The Central Bank of Nigeria, CBN, has imposed a total fine of N3.2bn on United Bank for Africa Plc, Zenith Bank Plc, Guaranty Trust Bank Plc, and Sterling Bank Plc for committing various kinds of regulatory infractions.
The offences, which were committed during the 2015 financial year, were contained in the annual reports of the affected banks.
UBA had the highest fine among the four banks, paying the sum of N2.969bn as penalty to the CBN for committing eight offences.
The offences are: failing to meet the Treasury Single Account reporting and remittance deadline, N2.946bn; failure to update customers’ records and conducting continuous due diligence on some accounts, N2m; and failing to review credit policy at least every three years in line with section 3.1 of the prudential guidelines 2010, N4m.
Others are bidding for export proceeds in excess of the Bankers’ Committee guidance rates, N4.8m; violating the CBN circular in respect of the 2015 Risk-based Examination, N2m; and inadvertent omission of two customers from the PEP returns, N2m.
Others are errors in response to an enquiry on offshore subsidiaries, N6m; and processing import transaction for a customer, pending the receipt of the customer’s renewed NAFDAC certificate.
Zenith Bank, which had the second largest fine, paid the sum of N60.1m to the central bank for committing nine offences.
The offences comprise infractions arising from risk assets examination as of December 31, 2014, N2m; late rendition of fraud and forgeries returns, N2m; fraudulent instant pay from an account in the Enterprise Bank to the Valluci Properties Limited, N10m; and late rendition of returns in respect of CDL, N4m.
Others are anti money laundering spot check exception, N4m; the TSA deadline exception, N4m; late rendition of returns, N100,000; penalty in relation to reporting of public sector deposit, N32m; and failure to implement auditors recommendation contained in a management letter.

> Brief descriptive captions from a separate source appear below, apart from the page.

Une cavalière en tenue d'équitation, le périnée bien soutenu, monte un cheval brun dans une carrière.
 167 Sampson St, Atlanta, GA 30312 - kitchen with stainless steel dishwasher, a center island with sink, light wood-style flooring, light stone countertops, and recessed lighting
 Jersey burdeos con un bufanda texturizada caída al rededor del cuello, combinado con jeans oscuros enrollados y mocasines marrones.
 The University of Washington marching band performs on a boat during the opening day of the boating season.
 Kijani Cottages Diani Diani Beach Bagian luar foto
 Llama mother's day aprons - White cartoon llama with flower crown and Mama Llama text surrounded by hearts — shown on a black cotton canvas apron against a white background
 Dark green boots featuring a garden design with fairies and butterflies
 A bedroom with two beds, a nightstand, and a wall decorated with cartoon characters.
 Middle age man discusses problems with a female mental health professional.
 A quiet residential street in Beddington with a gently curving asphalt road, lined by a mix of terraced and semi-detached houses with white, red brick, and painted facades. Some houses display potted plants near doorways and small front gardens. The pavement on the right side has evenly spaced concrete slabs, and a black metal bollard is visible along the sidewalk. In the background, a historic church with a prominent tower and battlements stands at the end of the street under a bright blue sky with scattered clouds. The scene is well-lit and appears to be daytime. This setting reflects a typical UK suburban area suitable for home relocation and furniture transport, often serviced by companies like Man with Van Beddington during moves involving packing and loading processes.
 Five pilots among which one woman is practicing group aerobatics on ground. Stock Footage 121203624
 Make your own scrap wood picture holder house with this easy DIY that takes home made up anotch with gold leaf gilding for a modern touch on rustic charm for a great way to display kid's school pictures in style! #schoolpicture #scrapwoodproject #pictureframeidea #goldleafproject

The CBN fined GTBank the sum of N60.05m for committing three offences in the 2015 financial year. The offences involved delay in transmitting the list of the TSA names to the CBN, N2m; late rendition of returns, N50,000; and contravention of the CBN circular on prior clearance of prospective employees of banks, N4m.
Sterling Bank, which had the least fine among the four banks, was fined N13m for committing five offences.
The offences listed against the bank are failure of its system in preventing tiered-customers from exceeding their thresholds, N2m; not classifying customers into appropriate risk category and incomplete account opening forms, N4m; and failure of the bank to provide reports to the Nigerian Interbank Settlement System Plc as required in the circular, N1m.
Others are failure of the bank to meet the deadline for transfer of funds to the TSA, N4m; and delay in response to the CBN directive in respect of reporting lines of the Chief Compliance Officer, N2m.